Friday, January 2, 2015

America's Public Lands: NOT FOR SALE!

"There can be no greater issue than that of conservation in this country." 
--Theodore Roosevelt, 1912

In 1872 the United States did something uniquely remarkable -- it created Yellowstone National Park, the first national park in the world. For the first time in our nation's history instead of selling, transferring and giving away all federal public domain lands to form states and advance settlement, we began setting some aside to protect forests, wildlife and remnants of wild, natural America for future Americans to see, experience and enjoy.

Nearly 20 years later, in 1891, the Yellowstone Timberland Reserve was created near Yellowstone -- later renamed the Shoshone National Forest, the oldest national forest in the United States. That same year, Congress passed the Forest Reserve Act, which allowed the president of the United States to set aside forest lands on public domain. A decade later, presidents Harrison, Cleveland and McKinley had transferred about 50 million acres into the forest reserve system.

Then, of course, along came President Theodore Roosevelt.

Roosevelt led efforts to create four national game preserves,  five national parks, 18 national monuments, 24 reclamation projects, 51 federal bird reservations and 150 national forests. All in all, he set aside 230 million acres of public lands for (as his first appointed Chief Forester Gifford Pinchot put it) "The greatest good for the greatest number of people for the longest time."

This American legacy has grown. We, the people of the United States, now own about 640 million acres of forests, mountains, meadows, prairies, desert, streams, rivers, lakes and other lands that not only provide us with clean air and clean water and help sustain us, but also sustains an abundance and diversity of wildlife and related recreational opportunities. These public lands are held in trust for the American people by the federal government and managed mostly by the Bureau of Land Management, the United States National Park Service, Bureau of Reclamation, or the Fish and Wildlife Service under the Department of the Interior, or the United States Forest Service under the Department of Agriculture. 

These lands are not managed by "city slickers" or "politicians" in "far off places" "back east" such as Washington DC, as some would have you believe. These lands are managed by professional land managers in district and regional offices, who live in and are part of local communities wherever these lands exist. Their management decisions are based on input from American citizens -- local and throughout the nation --  as well as input from professional, trained, educated foresters, wildlife biologists, fisheries biologists, range specialists, engineers, botanists, ecologists and others. Much of these lands are managed for multiple uses, including logging, grazing, mining, gas and oil development and other uses. Some are designated as wilderness, thanks to the Wilderness Act of 1964, to remain forever wild and "untrammeled by man."
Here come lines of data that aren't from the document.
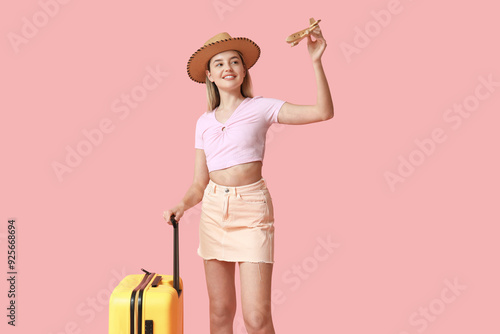Beautiful young woman with ...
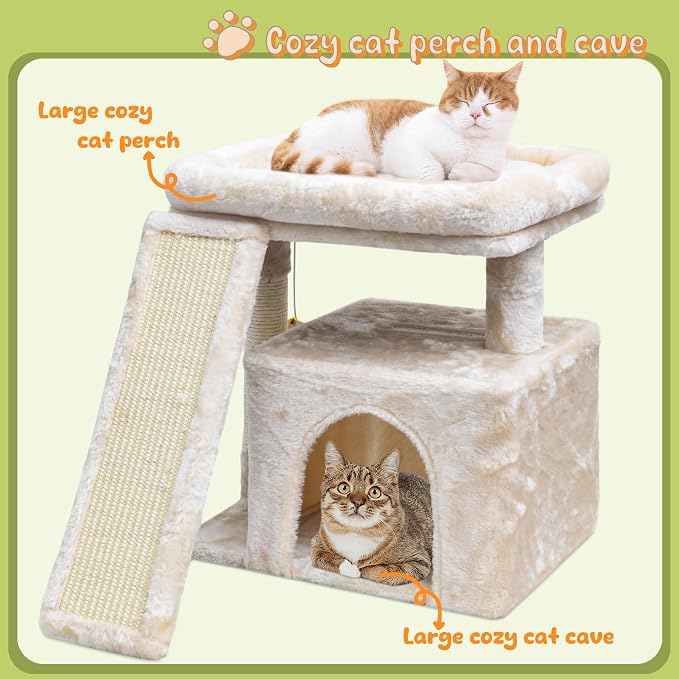 Small Cat Tree for Indoor Cats, Cat Tower - Image 2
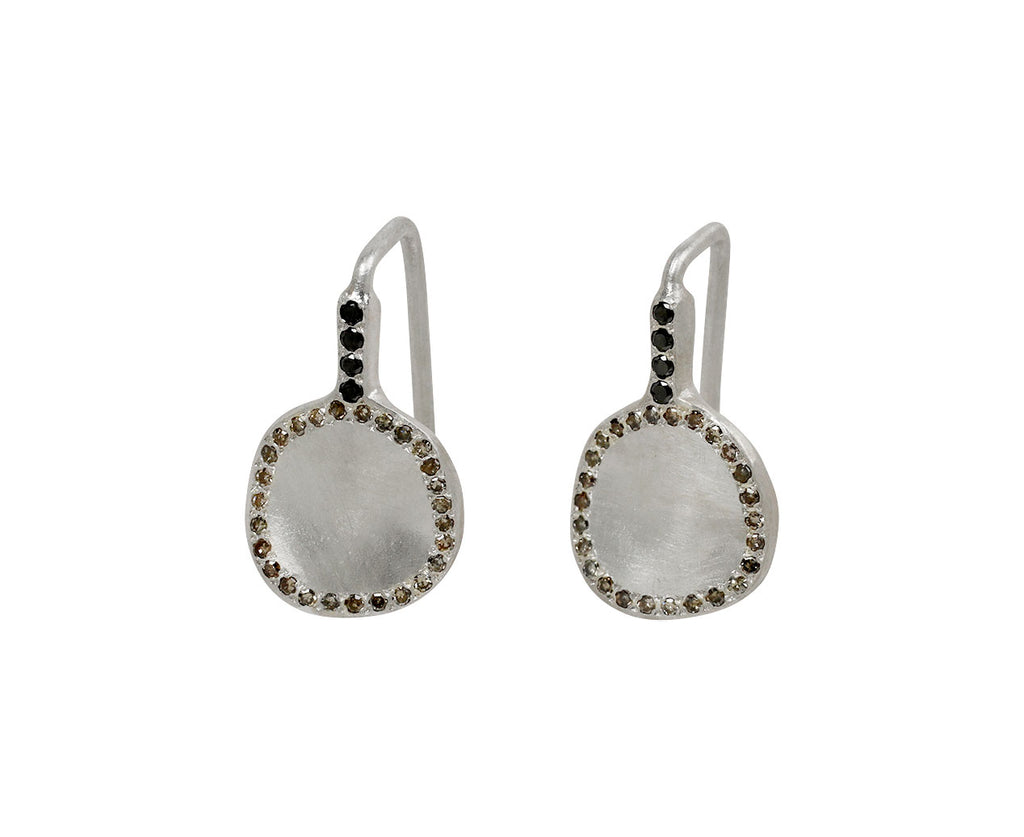 Rosa Maria Cognac and Black Diamond Bo Earrings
These lands are open to all of us. These are places where we Americans can hike; backpack; camp; ski; snowboard; mountain bike; watch wildlife; take photos; fish; hunt and otherwise seek adventure, solace, solitude and freedom. 

But there is an alarming, disconcerting effort underway to sell and transfer these national public lands to states and other entities. Many lawmakers in the Republican Party are calling for the sale and transfer of our public lands to help pay off the deficit. Many state GOP leaders have established official party platforms calling for the sale and transfer of public lands. Republican legislators in Congress have already tried to sneak public land sales into amendments to various bills.

A group called the American Lands Council is running a slick campaign to promote the sale and transfer of our public lands by using lies, half-truths and misconceptions. They wrongly claim our public lands are being "mismanaged"  because it's not all being managed for gas, oil, mines, timber, cattle, greed and maximum profit; because there are not roads everywhere providing "access" for everyone and anyone who wants to drive a vehicle wherever they want to go; because not all of our nation's lands are being managed precisely the way they want them to be managed to boost their bank accounts, with negative consequences to clean air, healthy forests and wildlife as well as many recreational opportunities. They play on people's ignorance and fear to push for the dismantling of our public lands legacy for selfish interests. Make no mistake: These people are backed by large, powerful, wealthy timber, grazing, mining and gas and oil interests who would do to our public lands exactly what great, foresighted leaders like Theodore Roosevelt worked to prevent.  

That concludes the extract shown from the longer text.